Мизина искренне переживал свою утрату — теперь, когда не стало его давнего приятеля, он горевал без притворства; это не помешало ему уловить выражение глаз Бриха, оценить его взгляд и забеспокоиться. Брих смотрел на него враждебно и укоризненно, Мизина старался пренебречь этим, но в конце концов не выдержал. Вызвал племянника в «аквариум» и, тщательно закрыв дверь, сдавленным голосом заговорил:
— Ну-с, что такое? Что вам не по нраву, молодой господин критик? Что тебе от меня надо? Оставь меня в покое! — В расстройстве он плюхнулся в кресло, вытер платочком покрасневшие глаза. — Пойми! Казда был мне другом, и — что бы тебе ни казалось, что бы ты ни думал, он был мне очень дорог! Ведь… ведь это… частица моей жизни, молодости, они прошли бок о бок с ним! И вот нет его…

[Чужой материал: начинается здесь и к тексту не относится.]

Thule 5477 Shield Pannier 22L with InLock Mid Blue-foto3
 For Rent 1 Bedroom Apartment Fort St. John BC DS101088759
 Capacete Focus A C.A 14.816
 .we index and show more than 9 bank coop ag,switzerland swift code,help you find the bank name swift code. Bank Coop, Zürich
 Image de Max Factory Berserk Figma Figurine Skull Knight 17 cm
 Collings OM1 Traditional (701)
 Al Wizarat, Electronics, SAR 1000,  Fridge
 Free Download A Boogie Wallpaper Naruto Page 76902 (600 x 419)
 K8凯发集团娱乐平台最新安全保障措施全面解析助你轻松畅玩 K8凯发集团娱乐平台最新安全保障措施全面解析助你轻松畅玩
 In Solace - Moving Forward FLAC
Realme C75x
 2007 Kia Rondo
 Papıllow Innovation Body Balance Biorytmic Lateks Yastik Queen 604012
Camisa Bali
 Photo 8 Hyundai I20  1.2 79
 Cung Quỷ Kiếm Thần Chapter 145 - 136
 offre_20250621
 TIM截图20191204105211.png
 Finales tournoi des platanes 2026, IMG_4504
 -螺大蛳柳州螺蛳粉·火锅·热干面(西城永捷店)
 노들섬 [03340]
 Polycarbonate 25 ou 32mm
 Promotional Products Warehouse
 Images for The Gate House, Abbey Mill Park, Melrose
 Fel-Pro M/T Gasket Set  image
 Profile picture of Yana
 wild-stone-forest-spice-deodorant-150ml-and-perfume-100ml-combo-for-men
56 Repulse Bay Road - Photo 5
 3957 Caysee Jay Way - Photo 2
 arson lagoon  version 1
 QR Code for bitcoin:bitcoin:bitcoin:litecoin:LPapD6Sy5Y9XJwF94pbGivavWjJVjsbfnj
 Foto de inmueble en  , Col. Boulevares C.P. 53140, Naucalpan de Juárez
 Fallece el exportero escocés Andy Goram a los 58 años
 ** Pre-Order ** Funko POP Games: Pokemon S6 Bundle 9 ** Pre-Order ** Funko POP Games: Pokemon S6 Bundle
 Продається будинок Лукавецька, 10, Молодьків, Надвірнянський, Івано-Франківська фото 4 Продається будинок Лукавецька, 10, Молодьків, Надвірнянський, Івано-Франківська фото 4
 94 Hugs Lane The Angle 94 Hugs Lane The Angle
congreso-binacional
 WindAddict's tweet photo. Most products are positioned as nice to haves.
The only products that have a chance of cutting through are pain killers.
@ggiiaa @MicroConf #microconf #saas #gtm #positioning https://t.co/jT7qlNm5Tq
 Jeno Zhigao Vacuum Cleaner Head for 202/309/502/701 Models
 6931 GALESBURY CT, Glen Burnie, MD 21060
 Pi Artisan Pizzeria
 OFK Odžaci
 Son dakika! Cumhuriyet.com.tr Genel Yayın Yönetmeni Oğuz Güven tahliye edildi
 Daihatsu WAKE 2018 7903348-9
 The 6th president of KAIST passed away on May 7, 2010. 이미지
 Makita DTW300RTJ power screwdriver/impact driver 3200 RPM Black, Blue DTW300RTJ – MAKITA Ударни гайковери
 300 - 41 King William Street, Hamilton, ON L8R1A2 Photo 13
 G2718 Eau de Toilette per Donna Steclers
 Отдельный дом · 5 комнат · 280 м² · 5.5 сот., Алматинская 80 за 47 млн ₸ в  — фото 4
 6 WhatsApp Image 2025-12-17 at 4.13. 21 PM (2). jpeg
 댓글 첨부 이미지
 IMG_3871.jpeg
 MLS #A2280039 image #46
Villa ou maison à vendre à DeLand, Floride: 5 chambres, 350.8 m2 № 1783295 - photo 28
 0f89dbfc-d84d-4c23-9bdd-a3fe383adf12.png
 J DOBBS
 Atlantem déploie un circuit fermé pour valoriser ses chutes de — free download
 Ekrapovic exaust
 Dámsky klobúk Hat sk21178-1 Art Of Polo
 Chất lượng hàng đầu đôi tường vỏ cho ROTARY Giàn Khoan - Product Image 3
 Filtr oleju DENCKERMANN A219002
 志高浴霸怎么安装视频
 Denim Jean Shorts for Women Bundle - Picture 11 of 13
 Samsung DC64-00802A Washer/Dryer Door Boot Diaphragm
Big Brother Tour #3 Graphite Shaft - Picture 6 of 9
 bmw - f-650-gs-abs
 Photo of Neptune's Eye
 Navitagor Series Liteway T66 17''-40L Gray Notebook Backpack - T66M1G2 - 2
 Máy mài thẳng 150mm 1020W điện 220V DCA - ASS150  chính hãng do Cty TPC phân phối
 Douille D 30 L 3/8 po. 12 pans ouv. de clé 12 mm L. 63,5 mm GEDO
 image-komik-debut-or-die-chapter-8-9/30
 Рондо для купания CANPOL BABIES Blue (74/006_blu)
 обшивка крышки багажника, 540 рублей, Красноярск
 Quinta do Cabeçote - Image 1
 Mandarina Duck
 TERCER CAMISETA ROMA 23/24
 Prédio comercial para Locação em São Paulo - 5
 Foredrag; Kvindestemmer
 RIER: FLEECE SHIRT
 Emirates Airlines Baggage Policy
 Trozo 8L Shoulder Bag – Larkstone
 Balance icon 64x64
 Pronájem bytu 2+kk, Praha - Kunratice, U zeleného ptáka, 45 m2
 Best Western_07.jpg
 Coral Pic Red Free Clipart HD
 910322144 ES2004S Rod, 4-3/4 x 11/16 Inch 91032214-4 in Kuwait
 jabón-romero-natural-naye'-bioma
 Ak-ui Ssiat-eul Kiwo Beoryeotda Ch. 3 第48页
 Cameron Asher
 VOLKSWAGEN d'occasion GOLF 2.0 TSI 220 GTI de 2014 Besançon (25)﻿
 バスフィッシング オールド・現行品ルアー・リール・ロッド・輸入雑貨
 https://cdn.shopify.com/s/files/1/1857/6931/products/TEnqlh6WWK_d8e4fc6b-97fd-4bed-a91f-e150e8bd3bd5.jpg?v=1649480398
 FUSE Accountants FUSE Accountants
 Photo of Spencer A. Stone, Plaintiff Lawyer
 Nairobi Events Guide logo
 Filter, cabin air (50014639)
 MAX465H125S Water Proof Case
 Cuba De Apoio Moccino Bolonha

Брих с изумлением понял, что дядя действительно страдает. Как понять его? Однажды Брих попытался поговорить о нем с Бартошем, но у этого марксиста на все была готовая формула. «Этому есть одно название, тут один корень: капитализм в душах людей! — не раздумывая, ответил Бартош. — Надо смотреть, в каких условиях и в каких ситуациях развиваются чувства и отношения людей. При капитализме даже нормальные человеческие чувства — скажем, любовь или дружба — вырождаются». Брих тогда подумал, что есть мозги, задуренные формулами, но промолчал; он не принимал такой упрощенности, хотя и угадывал, что в ней много правды. Экономические отношения, капитализм… Слишком простое объяснение!
Теперь он внимательно наблюдал за дядей и молчал. Что ж, у дядюшки в кармане членский билет партии, что может грозить его позорной карьере? Чего боится этот шут, по недоброй случайности — брат покойной матери Бриха?
С отвращением вернулся Брих к своему столу, не переставая чувствовать на себе озабоченный взгляд дяди. И всякий раз, как он наклонялся к Бартошу, Мизина выходил из «аквариума», иной раз под смехотворным предлогом. Следил — как бы племянник не наболтал чего… «Глупо! — думал Брих. — Уж если б я хотел выбрать себе исповедника, то подыскал бы кого другого, а не этого коммуниста, чей скрытый интерес ко мне я и сам ощущаю, как раскаленное клеймо. Да и что могу я наболтать? Ничего! Просто он в чем-то меня подозревает!» Однако, Брих поймал себя на том, что сегодня он чаще обычного перегибается через стол и обращается к Бартошу с малозначительными разговорами. Пускай дядюшка понервничает! — мрачно сказал он себе.